Ce que l'on peut déjà dire, c'est combien le titre de ce recueil souligne le sentiment de désenchantement qui traverse ces six nouvelles et place l'ensemble de l'oeuvre sous le signe de l'ironie. En effet, si quelque chose caractérise bien les différents personnages rencontrés au fil des pages, c'est leur manque de chance, malgré les efforts qu'il développent afin de se sortir des situations dans lesquelles il se sont retrouvés, volontairement ou non. Impossibilité d'empêcher la mort d'un proche, un bébé qu'on abandonne dans votre voiture, une femme qui, condamnée par un cancer, fait un triste bilan de son existence, des fabricants nord-coréens de billets de loterie condamnés à fuir en Corée du Sud… Voilà un petit aperçu de ces destins « souriants » !

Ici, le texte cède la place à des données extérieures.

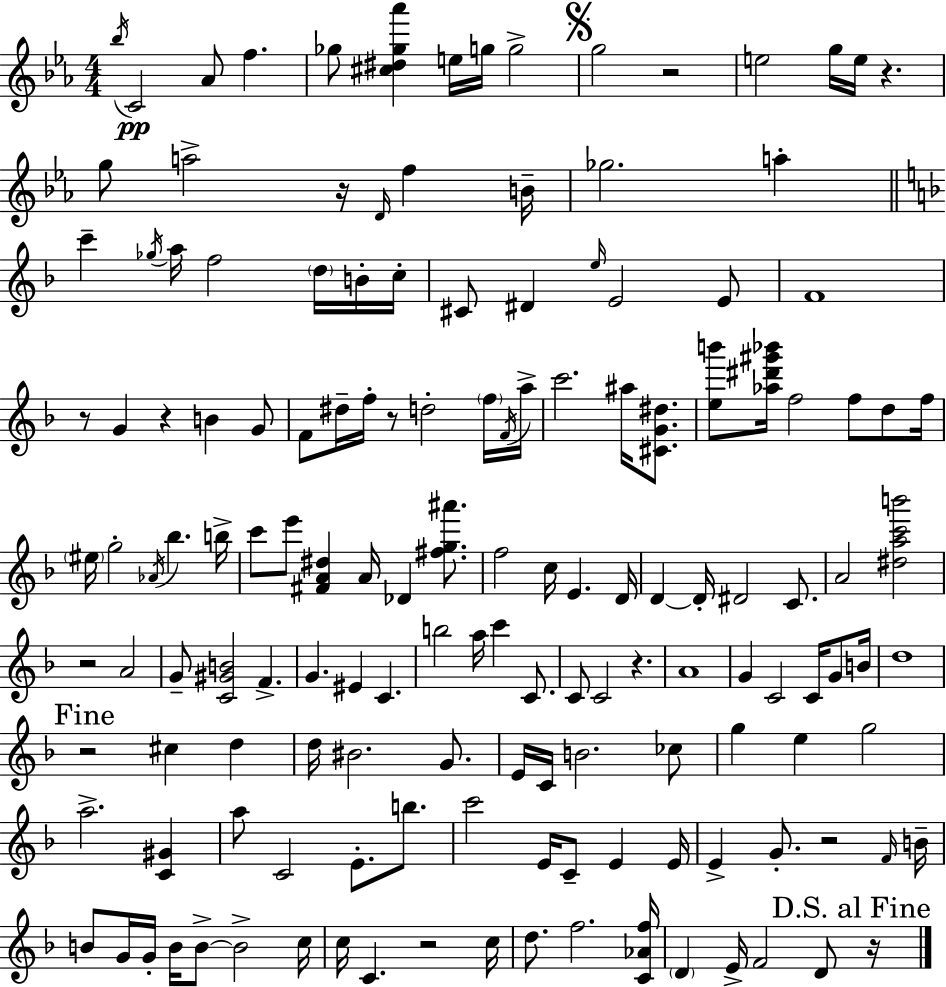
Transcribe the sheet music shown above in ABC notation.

X:1
T:Untitled
M:4/4
L:1/4
K:Cm
_b/4 C2 _A/2 f _g/2 [^c^d_g_a'] e/4 g/4 g2 g2 z2 e2 g/4 e/4 z g/2 a2 z/4 D/4 f B/4 _g2 a c' _g/4 a/4 f2 d/4 B/4 c/4 ^C/2 ^D e/4 E2 E/2 F4 z/2 G z B G/2 F/2 ^d/4 f/4 z/2 d2 f/4 F/4 a/4 c'2 ^a/4 [^CG^d]/2 [eb']/2 [_a^d'^g'_b']/4 f2 f/2 d/2 f/4 ^e/4 g2 _A/4 _b b/4 c'/2 e'/2 [^FA^d] A/4 _D [^fg^a']/2 f2 c/4 E D/4 D D/4 ^D2 C/2 A2 [^dac'b']2 z2 A2 G/2 [C^GB]2 F G ^E C b2 a/4 c' C/2 C/2 C2 z A4 G C2 C/4 G/2 B/4 d4 z2 ^c d d/4 ^B2 G/2 E/4 C/4 B2 _c/2 g e g2 a2 [C^G] a/2 C2 E/2 b/2 c'2 E/4 C/2 E E/4 E G/2 z2 F/4 B/4 B/2 G/4 G/4 B/4 B/2 B2 c/4 c/4 C z2 c/4 d/2 f2 [C_Af]/4 D E/4 F2 D/2 z/4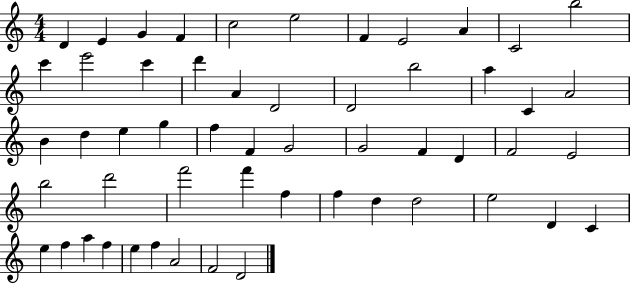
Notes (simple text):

D4/q E4/q G4/q F4/q C5/h E5/h F4/q E4/h A4/q C4/h B5/h C6/q E6/h C6/q D6/q A4/q D4/h D4/h B5/h A5/q C4/q A4/h B4/q D5/q E5/q G5/q F5/q F4/q G4/h G4/h F4/q D4/q F4/h E4/h B5/h D6/h F6/h F6/q F5/q F5/q D5/q D5/h E5/h D4/q C4/q E5/q F5/q A5/q F5/q E5/q F5/q A4/h F4/h D4/h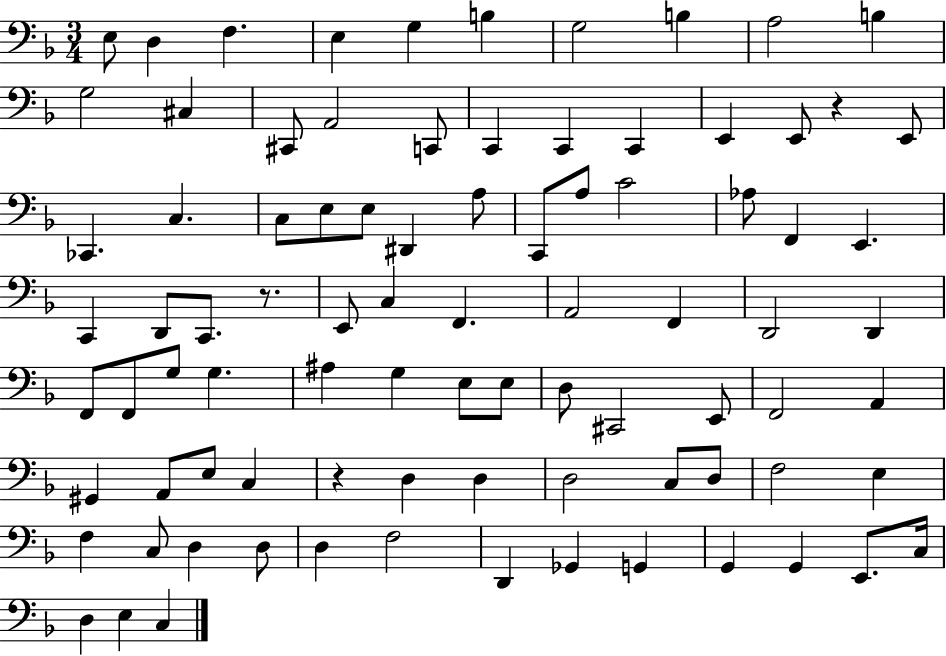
{
  \clef bass
  \numericTimeSignature
  \time 3/4
  \key f \major
  e8 d4 f4. | e4 g4 b4 | g2 b4 | a2 b4 | \break g2 cis4 | cis,8 a,2 c,8 | c,4 c,4 c,4 | e,4 e,8 r4 e,8 | \break ces,4. c4. | c8 e8 e8 dis,4 a8 | c,8 a8 c'2 | aes8 f,4 e,4. | \break c,4 d,8 c,8. r8. | e,8 c4 f,4. | a,2 f,4 | d,2 d,4 | \break f,8 f,8 g8 g4. | ais4 g4 e8 e8 | d8 cis,2 e,8 | f,2 a,4 | \break gis,4 a,8 e8 c4 | r4 d4 d4 | d2 c8 d8 | f2 e4 | \break f4 c8 d4 d8 | d4 f2 | d,4 ges,4 g,4 | g,4 g,4 e,8. c16 | \break d4 e4 c4 | \bar "|."
}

Tous les personnages sont à un carrefour de leur vie. Vous savez le moment où vous vous arrêtez et vous vous demandez comment continuer à vivre ou si revenir en arrière ne serait pas la solution au mal-être qui s'empare de vous quand tout vous semble vous échapper. On tente alors tout avec plus ou moins de réussite (et ici, c'est plutôt moins que plus). On s'émeut devant certains d'entre eux, on tombe en empathie ou on se montre moins compréhensifs avec d'autres. Pour ma part, le personnage de Nonc (« Ouragans anonymes ») est sans doute celui qui m'a le plus touché avec ses interrogations : comment s'occuper d'un enfant tombé du ciel, dont il n'est même pas certain d'être le père ? Comment être un bon père quand on n'a pas eu la chance d'avoir eu soi-même un modèle dans le domaine à admirer enfant ? Sa détermination à trouver des « solutions » m'a bouleversé car après tout, en plein climat de catastrophe naturelle, rien ne l'empêchait de se débarrasser du mioche, ni vu ni connu. A l'opposé, le personnage du directeur de prison de la STASI («
Georges Orwell était un de mes amis ») m'a profondément horripilé avec son incapacité à se remettre en question et son obstination à défendre un système politique auquel il a contribué activement malgré les exactions commises.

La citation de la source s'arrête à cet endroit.